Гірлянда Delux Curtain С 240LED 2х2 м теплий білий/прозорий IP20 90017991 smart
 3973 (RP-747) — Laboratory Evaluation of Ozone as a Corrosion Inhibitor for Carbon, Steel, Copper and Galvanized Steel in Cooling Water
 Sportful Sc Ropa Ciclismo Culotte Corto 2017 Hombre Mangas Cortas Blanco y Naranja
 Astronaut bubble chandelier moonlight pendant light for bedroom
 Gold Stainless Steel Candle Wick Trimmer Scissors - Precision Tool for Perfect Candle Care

********

EXERCISE BRIEF ->
What you return should be the lines from the beginning of the records through the one that contains "Astronaut bubble chandelier", repeated exactly and with no additions.

RESULT ->
Гірлянда Delux Curtain С 240LED 2х2 м теплий білий/прозорий IP20 90017991 smart
 3973 (RP-747) — Laboratory Evaluation of Ozone as a Corrosion Inhibitor for Carbon, Steel, Copper and Galvanized Steel in Cooling Water
 Sportful Sc Ropa Ciclismo Culotte Corto 2017 Hombre Mangas Cortas Blanco y Naranja
 Astronaut bubble chandelier moonlight pendant light for bedroom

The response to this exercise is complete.